Pointfree Exercises in Haskell Trail

Hi, guys!

I’ve been loving the Haskell trail so far, having a great time working my way through the exercises. I’ve made my way through half of Learn you a Haskell in the last year, so these exercises have been a great way of learning my knowledge (or lack thereof to the test). As a general point of feedback, I have so far found the exercises to be right at the limit of my mental capabilities - I feel I am literally stretching my mind as I’m working through them, just scraping across the line to finish the exercise, but learning a lot on the process.

I’ve made it as far as the Pointfree Style exercise and am now throwing my hands in the air. Here’s the one that got me:

isDigit :: Char -> Bool
isDigit x = elem x "1234567890"

How on God’s green earth am I able to rewrite this in pointfree style?

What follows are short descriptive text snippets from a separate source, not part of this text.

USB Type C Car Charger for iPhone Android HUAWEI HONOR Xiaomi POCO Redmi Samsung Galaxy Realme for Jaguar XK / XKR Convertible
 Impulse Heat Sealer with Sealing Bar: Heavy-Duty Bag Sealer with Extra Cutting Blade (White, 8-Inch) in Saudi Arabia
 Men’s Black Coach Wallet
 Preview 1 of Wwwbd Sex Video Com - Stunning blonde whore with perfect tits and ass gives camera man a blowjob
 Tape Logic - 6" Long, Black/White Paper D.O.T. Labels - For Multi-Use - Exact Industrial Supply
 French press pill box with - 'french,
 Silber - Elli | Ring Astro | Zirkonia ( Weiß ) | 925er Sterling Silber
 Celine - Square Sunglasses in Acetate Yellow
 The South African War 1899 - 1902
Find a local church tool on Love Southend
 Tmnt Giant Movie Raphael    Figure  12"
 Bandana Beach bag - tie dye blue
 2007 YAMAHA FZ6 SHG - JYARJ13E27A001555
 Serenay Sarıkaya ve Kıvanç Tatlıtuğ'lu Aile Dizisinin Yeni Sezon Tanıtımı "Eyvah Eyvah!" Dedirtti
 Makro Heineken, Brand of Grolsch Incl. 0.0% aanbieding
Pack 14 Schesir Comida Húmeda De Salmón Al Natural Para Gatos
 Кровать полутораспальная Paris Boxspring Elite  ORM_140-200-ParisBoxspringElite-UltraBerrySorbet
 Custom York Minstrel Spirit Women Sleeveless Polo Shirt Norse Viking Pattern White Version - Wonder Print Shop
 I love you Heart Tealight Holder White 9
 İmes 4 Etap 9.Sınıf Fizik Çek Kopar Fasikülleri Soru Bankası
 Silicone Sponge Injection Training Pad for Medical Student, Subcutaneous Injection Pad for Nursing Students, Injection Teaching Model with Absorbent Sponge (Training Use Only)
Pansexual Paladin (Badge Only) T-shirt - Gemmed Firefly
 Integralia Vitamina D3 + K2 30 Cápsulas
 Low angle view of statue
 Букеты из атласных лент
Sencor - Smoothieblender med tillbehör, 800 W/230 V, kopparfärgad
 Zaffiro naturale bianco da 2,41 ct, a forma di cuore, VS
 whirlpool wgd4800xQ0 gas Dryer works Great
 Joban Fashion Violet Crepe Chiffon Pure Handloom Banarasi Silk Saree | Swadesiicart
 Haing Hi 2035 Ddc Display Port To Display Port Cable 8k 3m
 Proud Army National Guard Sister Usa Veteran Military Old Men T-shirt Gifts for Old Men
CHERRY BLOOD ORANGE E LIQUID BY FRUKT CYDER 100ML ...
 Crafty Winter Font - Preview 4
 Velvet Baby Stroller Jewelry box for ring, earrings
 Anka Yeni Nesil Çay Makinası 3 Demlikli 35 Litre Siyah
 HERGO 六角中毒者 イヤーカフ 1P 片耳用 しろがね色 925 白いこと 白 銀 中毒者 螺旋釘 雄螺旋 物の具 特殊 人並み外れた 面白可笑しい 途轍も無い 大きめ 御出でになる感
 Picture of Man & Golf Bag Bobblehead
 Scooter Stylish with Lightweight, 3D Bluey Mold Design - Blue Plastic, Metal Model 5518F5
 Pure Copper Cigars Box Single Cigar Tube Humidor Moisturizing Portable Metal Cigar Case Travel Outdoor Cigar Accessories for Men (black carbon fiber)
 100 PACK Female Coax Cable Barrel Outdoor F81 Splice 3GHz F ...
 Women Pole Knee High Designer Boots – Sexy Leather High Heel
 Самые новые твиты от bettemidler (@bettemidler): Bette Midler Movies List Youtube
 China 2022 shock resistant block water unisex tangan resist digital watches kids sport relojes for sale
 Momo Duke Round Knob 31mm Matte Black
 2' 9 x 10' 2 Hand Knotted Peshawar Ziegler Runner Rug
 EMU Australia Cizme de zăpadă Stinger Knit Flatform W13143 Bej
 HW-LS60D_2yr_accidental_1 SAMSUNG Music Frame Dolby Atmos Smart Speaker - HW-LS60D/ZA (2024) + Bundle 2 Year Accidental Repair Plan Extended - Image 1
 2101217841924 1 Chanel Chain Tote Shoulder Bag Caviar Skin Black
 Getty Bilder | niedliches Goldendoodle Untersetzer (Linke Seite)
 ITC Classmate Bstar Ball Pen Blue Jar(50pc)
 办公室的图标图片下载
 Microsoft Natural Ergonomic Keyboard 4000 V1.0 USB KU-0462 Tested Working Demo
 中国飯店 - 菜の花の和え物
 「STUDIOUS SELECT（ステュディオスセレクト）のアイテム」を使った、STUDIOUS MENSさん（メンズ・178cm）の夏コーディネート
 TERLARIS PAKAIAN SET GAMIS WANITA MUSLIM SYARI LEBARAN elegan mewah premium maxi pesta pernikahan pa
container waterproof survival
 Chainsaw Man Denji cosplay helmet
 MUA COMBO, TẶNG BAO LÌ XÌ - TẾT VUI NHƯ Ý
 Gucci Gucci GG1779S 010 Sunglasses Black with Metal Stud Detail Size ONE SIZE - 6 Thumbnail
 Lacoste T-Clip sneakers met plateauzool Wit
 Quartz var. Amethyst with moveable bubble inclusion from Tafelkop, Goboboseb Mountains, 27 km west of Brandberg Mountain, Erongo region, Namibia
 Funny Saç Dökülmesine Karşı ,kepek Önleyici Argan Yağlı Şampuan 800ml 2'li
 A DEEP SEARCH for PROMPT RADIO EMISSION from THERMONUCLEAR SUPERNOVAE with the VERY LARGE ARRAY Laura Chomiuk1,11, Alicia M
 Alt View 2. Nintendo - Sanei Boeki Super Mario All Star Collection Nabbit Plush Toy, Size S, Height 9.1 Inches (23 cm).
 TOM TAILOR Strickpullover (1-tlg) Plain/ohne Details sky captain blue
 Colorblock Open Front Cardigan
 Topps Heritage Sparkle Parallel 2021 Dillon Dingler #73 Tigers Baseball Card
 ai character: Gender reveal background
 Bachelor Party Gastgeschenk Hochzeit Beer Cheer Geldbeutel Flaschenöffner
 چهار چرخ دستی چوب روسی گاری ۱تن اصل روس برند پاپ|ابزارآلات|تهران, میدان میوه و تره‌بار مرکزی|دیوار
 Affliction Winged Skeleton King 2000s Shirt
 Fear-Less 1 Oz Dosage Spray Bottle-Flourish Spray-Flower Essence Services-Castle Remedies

I understand that, in effect, I am trying to:

Produce a function, that when applied, calls elem with its first parameter and 1234567890 as its second parameter.

I have no idea how I would even begin doing that. As I understand currying, functions are built left to right. eg:

something :: a -> b -> c

Is a function that takes a as its first argument, and returns a function that then takes b as its second argument, producing c.

In effect I am trying to return a function that takes an a and applies it to b. Is this even possible?

something :: a -> b -> c

Is a function that takes a as its first argument, and returns a function that then takes b as its second argument, producing c.

Close!

It’s a function that takes a as its only argument and returns a function that takes b as its only argument. All fns in Haskell take only a single argument.

There are at least two ways to write this in point-free style. I’d prefer to use this: http://haddocks.fpcomplete.com/fp/7.8/20140916-162/base/Prelude.html#v:flip

See if you can figure that out. If not, ping me and I’ll help.

Thanks for the reply, Ben!

Yes, that’s exactly what I meant, except for the part where you used the right words in the right order to convey the correct meaning. :stuck_out_tongue_closed_eyes:

Yes! Flip!! How could I have been so foolish?

Forgive me, I have failed you. My dreams of a career as a Haskell-er at thoughtbot are shattered.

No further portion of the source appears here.